====== DATA EXCERPTS

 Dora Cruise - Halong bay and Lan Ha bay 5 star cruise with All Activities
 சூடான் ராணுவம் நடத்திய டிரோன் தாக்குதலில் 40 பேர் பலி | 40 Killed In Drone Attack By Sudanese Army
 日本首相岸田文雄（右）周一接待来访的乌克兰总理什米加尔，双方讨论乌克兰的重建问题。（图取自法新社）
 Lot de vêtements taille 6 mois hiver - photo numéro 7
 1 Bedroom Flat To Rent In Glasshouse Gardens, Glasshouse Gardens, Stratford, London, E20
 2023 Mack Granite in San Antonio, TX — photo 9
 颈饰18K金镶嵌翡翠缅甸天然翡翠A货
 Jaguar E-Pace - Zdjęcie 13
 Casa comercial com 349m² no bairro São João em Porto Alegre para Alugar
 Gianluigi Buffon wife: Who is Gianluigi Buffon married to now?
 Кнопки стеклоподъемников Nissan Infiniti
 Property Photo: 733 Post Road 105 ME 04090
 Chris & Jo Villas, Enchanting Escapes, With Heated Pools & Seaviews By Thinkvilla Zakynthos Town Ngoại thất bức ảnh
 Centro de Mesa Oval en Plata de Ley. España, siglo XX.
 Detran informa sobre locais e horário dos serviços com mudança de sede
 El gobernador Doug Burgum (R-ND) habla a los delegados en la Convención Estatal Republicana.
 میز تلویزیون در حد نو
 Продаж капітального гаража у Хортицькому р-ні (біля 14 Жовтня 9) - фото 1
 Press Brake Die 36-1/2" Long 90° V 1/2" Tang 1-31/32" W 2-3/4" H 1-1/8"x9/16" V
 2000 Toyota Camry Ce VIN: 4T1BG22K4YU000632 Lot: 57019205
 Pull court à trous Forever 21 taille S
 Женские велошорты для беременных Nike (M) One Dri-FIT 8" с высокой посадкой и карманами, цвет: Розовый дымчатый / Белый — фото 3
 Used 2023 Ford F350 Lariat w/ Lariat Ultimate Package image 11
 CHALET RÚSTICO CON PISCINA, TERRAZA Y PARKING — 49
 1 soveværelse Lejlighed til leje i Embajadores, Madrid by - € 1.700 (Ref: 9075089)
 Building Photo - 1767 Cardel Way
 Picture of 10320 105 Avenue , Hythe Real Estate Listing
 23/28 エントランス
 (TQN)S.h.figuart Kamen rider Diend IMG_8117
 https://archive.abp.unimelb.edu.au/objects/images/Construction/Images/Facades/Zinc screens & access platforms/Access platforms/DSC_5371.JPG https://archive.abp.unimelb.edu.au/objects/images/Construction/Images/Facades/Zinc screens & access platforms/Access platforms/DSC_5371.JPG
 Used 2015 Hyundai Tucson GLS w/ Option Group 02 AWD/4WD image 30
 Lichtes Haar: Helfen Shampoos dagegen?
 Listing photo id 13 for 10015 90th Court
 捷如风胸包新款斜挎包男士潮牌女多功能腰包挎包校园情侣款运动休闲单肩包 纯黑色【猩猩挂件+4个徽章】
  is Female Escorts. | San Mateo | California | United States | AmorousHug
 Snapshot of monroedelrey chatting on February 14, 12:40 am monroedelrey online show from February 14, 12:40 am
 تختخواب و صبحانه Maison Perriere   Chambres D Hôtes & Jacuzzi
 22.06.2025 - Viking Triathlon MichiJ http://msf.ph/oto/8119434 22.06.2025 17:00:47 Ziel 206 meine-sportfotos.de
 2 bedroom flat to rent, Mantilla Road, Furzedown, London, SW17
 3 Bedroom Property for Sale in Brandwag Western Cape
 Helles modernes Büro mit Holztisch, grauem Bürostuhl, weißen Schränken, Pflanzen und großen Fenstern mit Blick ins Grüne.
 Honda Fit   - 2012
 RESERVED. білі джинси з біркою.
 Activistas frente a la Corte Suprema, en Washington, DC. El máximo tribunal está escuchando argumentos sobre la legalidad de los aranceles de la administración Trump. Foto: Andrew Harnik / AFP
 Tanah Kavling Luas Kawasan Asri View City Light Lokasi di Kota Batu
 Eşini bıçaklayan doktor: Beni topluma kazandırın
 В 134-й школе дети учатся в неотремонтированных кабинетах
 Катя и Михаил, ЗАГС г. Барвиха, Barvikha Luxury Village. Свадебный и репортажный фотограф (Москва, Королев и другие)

============

→ **WHAT IS BEING ASKED**
Find each line in the records holding the string "London" and show it.

→ **TASK RESPONSE**
 1 Bedroom Flat To Rent In Glasshouse Gardens, Glasshouse Gardens, Stratford, London, E20
 2 bedroom flat to rent, Mantilla Road, Furzedown, London, SW17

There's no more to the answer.